What needs to be done:
Every line from the line containing "Walthers Ho Scale" through the end of the data is to be reproduced exactly, excluding pictures.

Given records:

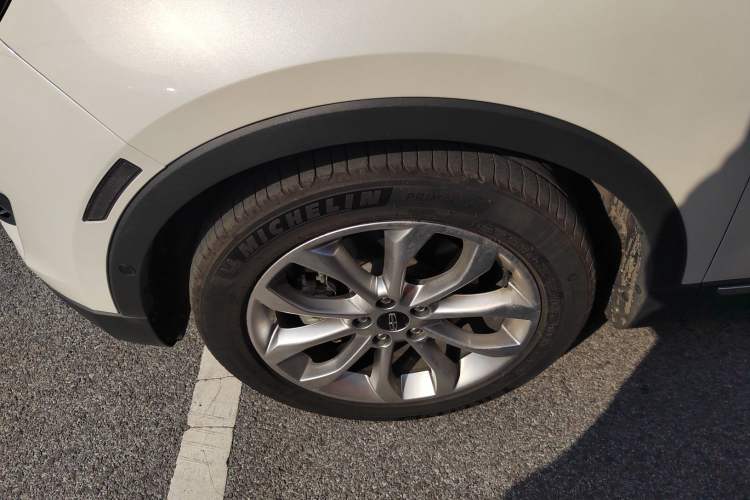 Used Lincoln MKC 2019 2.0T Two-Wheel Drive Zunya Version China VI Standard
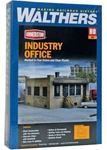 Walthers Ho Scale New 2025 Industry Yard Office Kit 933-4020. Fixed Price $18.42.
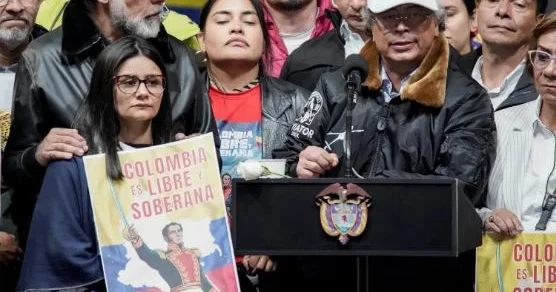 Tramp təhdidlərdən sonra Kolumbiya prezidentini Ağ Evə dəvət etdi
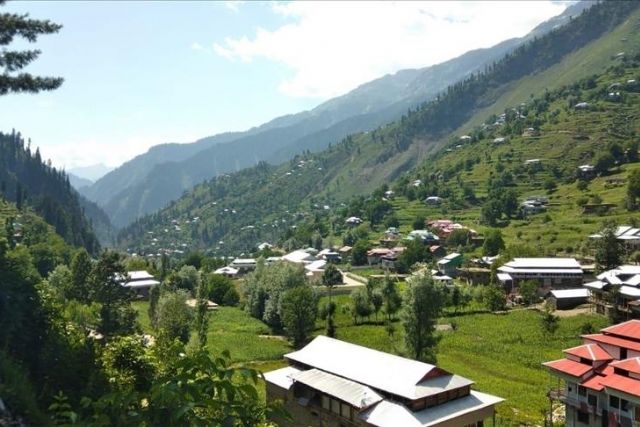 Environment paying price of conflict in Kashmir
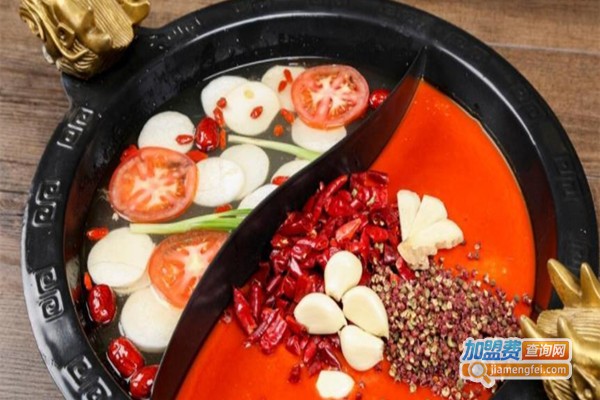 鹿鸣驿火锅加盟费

Task answer:
 Walthers Ho Scale New 2025 Industry Yard Office Kit 933-4020. Fixed Price $18.42.
 Tramp təhdidlərdən sonra Kolumbiya prezidentini Ağ Evə dəvət etdi
 Environment paying price of conflict in Kashmir
 鹿鸣驿火锅加盟费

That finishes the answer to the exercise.